The Supreme Court of Canada has just issued a judgment on the increasingly important issue of Internet defamation, in an appeal from a decision discussed in Dispute Resolution's Winter 2010 edition. The decision is vital to every person and business that publishes material on the Internet or operates a website.

The judgment is good news to everyone who uses the Internet, confirming that just posting a hyperlink does not make a website owner or author liable for publishing defamatory material found on the hyperlinked website. Only when a hyperlinker "presents content from the hyperlinked material in a way that actually repeats the defamatory content, should that content be considered to be "published" by the hyperlinker", leading to potential liability.

Almost everyone who plays a role in writing, publishing or distributing a defamatory article may be found liable for defamation.

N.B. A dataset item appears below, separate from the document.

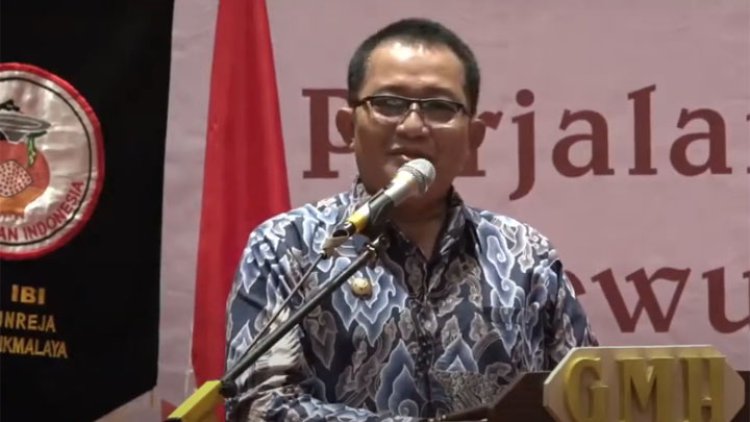 Hadiri Rakercab IBI, Bupati Ade: Profesi Bidan Luar Biasa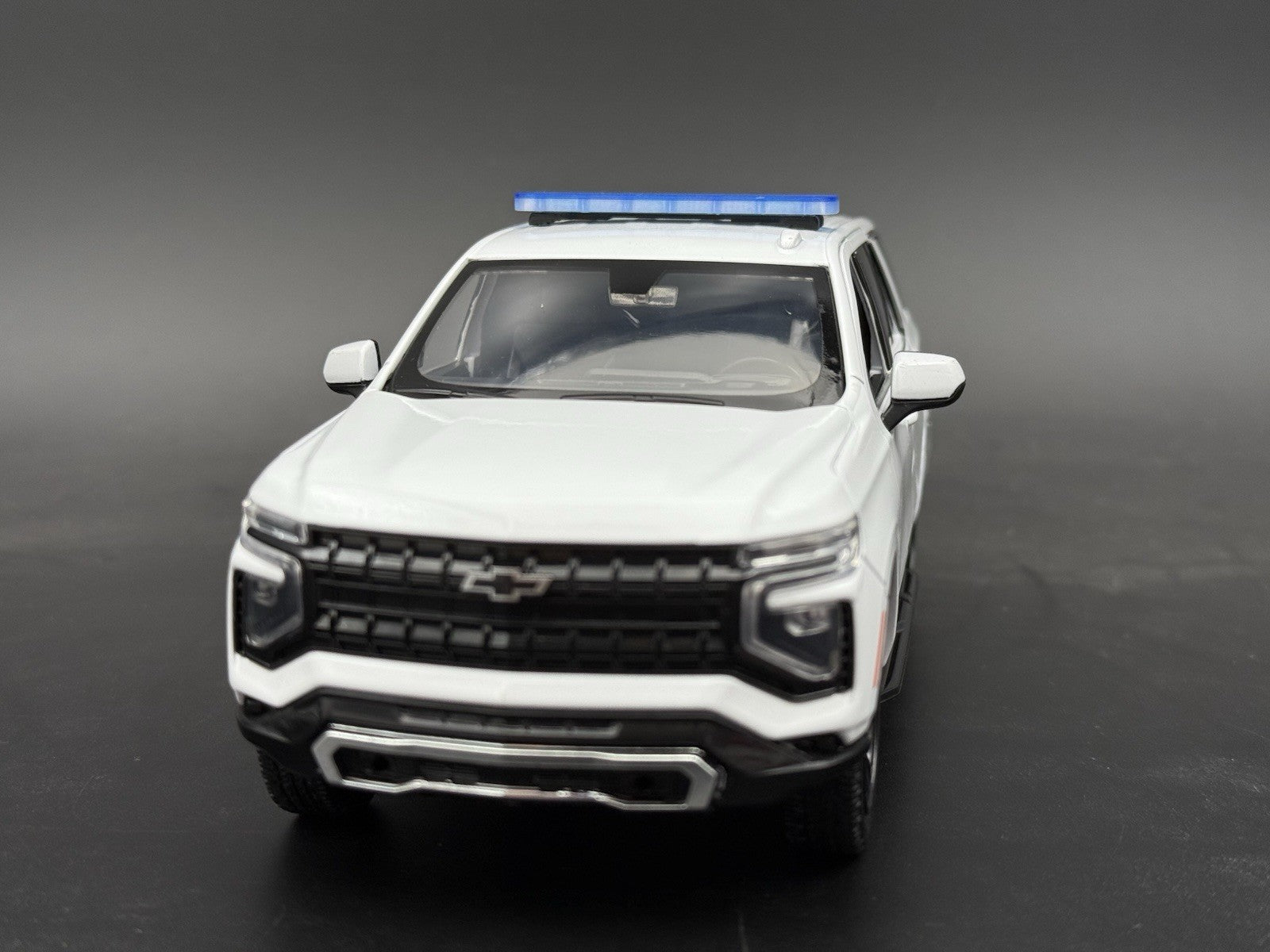 1/24 25 27 LED Compatible Tahoe Width XL Legend Lightbar Blue Clear Police 2430B5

It is not generally a defence that you're only repeating what another person originally said.

The plaintiff in a defamation lawsuit must prove, among other things, that the defendant "published" the defamatory words. When the offending words are directly placed or quoted in a newspaper or on a website, publication is obvious. But what if the website does not directly publish the offending words, just provides a hyperlink to another website? The Supreme Court of Canada concluded that a reference to the existence or location of defamatory content by hyperlink, without more, is not "publication" of that content, and therefore the hyperlinker cannot be found liable.

However, individuals may be liable for hyperlinking if the way they refer to content conveys defamatory meaning or shows they have adopted the defamatory statement as their own. The Supreme Court added that this can occur when the hyperlinker repeats defamatory content from a secondary source.

The following are hypothetical examples:

Likely publication and potential liability:

  • "Click here to learn the truth about Mr. Smith's history of fraud and corruption."
  • "As discussed in more detail in this article: "Mr. Smith is fraudulent and corrupt".

Unlikely publication:

  • "As shown here, Mr. Smith's business practices have been the subject of some (unproven) criticism and litigation."
  • "Some have said that Mr. Smith is corrupt: hyperlink"
  • "For more information on Mr. Smith's business practice, we invite you to follow this interesting hyperlink to Jane's blog."
  • "Mr. Smith's restaurant is one of the best in Vancouver according to this website" [website contains link to a defamatory article about Mr. Smith's business practices]

Note that in this case one of the hyperlinks was a "shallow" hyperlink, which takes the reader to a webpage where articles are posted. Another was a "deep" hyperlink, which takes the reader directly to an article. Both shallow and deep hyperlinks require the reader to click on the link to be taken to the content, and both are captured by the principle set out by the Supreme Court.

This case did not, however, deal with embedded or automatic hyperlinks, which automatically display the content of another publication when you scroll over them. These types of hyperlinks may not be captured by the same principle, and could potentially make the hyperlinker liable for the contents of the defamatory publication they reference.

The plaintiff in a defamation action must also prove that the offending material was received and read by someone. This is also fundamental to whether it is appropriate to sue in a given jurisdiction. A plaintiff suing for defamation in British Columbia must prove that at least one person in British Columbia read the offending material.

In this case the article providing the hyperlinks had been accessed a total of 1,788 times. But it was not clear whether anyone accessing the article had actually clicked on the hyperlinks to the offending material. It was not clear how many of these hits came from independent or repeat visits. It was not clear how many came from humans or from information-gathering Internet "robot" software. Nor was it clear whether any of the readers were in British Columbia.

In those circumstances, the Court of Appeal for British Columbia had found that the bald fact that there was a certain number of hits on the website article did not prove that anyone had actually clicked the hyperlink and read the defamatory article. The Supreme Court of Canada did not overturn this finding, and one of its judges endorsed it. So the plaintiff failed to prove that anyone in British Columbia had read the article, and the British Columbia courts had no jurisdiction to hear the case.

This decision provides useful guidance for Internet participants, and rules out the possibility that the simple act of hyperlinking is publication. But it also confirms that each case will turn on its own facts, including the wording and tone of, and placement of the introduction to, the hyperlink, about whether the manner in which content is referred to conveys defamatory meaning. A website owner or manager would be wise to seek legal advice before hyperlinking to a potentially defamatory website. Otherwise they risk a finding of publication and liability, just as if they were the author of the offending material.